I do not see any serious contender to C. And considering that most people developing alternative languages that aim to replace C do not seem to have a good understanding what makes a good system programming language, I also do not see this changing soon. Tooling for memory safety will improve and I expect we will also have something complete in ISO C at some point. But already today, one does not have to write modern C as your parents did, e.g. there is no need to do unsafe pointer arithmetic and many other unsafe features can simply be avoided. Signed integer overflow can be checked at run-time.

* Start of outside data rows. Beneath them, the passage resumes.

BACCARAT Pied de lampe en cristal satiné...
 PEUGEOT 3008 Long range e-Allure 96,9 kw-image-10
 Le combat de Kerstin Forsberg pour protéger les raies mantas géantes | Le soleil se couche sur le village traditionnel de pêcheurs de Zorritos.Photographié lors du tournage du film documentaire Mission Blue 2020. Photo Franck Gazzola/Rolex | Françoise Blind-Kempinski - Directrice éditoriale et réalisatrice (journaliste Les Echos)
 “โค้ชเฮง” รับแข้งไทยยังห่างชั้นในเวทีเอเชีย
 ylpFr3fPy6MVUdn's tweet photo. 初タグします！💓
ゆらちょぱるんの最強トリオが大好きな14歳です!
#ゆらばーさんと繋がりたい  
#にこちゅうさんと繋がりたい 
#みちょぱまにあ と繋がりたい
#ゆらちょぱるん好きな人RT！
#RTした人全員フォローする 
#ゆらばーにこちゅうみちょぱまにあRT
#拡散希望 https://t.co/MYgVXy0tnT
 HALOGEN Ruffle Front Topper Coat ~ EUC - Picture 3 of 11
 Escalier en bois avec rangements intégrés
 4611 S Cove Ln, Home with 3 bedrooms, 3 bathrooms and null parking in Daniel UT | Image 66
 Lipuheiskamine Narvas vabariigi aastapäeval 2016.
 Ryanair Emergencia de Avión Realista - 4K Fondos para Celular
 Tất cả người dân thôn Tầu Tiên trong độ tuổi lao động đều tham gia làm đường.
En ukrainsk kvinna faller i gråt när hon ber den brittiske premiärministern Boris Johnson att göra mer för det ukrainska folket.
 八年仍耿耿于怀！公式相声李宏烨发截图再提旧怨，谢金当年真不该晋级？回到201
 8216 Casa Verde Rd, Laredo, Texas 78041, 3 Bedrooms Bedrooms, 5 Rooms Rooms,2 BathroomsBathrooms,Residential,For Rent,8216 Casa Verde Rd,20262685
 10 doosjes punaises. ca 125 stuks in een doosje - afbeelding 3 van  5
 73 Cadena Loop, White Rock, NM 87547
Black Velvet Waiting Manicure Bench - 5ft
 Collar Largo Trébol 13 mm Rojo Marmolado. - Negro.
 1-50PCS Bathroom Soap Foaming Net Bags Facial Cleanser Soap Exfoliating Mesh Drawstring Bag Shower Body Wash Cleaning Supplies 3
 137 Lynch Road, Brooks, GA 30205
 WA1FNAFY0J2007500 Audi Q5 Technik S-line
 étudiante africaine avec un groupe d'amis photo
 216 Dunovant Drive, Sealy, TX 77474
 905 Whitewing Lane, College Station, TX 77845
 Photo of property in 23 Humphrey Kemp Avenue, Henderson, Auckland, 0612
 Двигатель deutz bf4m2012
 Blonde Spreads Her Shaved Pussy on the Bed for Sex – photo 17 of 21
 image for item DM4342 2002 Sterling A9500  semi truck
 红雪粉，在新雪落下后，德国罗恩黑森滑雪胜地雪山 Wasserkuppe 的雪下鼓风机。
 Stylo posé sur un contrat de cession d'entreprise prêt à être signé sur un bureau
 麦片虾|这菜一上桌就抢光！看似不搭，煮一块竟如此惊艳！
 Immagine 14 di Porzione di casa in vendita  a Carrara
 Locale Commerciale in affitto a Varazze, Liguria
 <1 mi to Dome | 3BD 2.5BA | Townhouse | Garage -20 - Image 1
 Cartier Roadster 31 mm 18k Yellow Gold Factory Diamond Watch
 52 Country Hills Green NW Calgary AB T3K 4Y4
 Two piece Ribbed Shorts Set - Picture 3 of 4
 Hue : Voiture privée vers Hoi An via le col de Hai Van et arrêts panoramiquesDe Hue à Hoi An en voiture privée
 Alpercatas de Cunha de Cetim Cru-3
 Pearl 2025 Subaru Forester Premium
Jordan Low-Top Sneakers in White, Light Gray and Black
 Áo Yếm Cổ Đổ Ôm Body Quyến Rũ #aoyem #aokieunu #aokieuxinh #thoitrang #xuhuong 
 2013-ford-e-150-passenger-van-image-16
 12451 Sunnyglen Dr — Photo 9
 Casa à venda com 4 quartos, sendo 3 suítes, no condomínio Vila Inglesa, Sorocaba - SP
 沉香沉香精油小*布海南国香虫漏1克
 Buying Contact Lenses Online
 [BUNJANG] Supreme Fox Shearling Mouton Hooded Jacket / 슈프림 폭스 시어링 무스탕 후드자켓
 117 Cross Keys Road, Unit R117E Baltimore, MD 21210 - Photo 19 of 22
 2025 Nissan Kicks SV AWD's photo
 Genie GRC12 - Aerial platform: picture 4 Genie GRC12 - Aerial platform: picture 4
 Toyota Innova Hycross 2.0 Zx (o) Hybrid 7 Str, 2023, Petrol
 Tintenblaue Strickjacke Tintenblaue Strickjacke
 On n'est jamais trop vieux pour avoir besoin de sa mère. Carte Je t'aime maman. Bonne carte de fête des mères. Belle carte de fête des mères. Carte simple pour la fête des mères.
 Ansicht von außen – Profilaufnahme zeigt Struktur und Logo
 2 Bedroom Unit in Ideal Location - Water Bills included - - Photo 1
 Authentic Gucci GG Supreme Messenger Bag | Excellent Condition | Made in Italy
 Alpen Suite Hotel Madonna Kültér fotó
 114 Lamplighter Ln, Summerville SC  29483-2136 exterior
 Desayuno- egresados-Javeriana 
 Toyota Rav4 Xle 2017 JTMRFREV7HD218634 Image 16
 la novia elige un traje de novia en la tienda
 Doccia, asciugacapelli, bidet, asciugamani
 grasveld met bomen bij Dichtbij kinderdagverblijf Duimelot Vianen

Only temporal memory safety is missing a good solution that ensures safety, but I do not find this is to be a major problem in my projects (with some discipline about pointer ownership)

Isn't C++ already a serious contender to C? It clearly has not replaced C everywhere, but it's taken over much of C's market. And if C++ could do it, I don't see why another language couldn't do the same (that's not to say that the next language to do that already exists today).

One thing that's important to notice, I think, is that low-level languages' combined market share has fallen sharply since the 1970s, and it doesn't seem that the trend is about to sharply reverse direction. To me that suggests that if a low-level language wants to be more popular than C++, it should focus on low-level programming and shouldn't try to also be a good applications programming language (as C++ has tried to do that, but the overall market share of C and C++ is lower now than it was in, say, 1990), but I could be wrong about that.

  • I guess this depends on what you consider a contender. Certainly C++ has taken market share from C and Rust will do to. But I do not think these languages are able to replace C.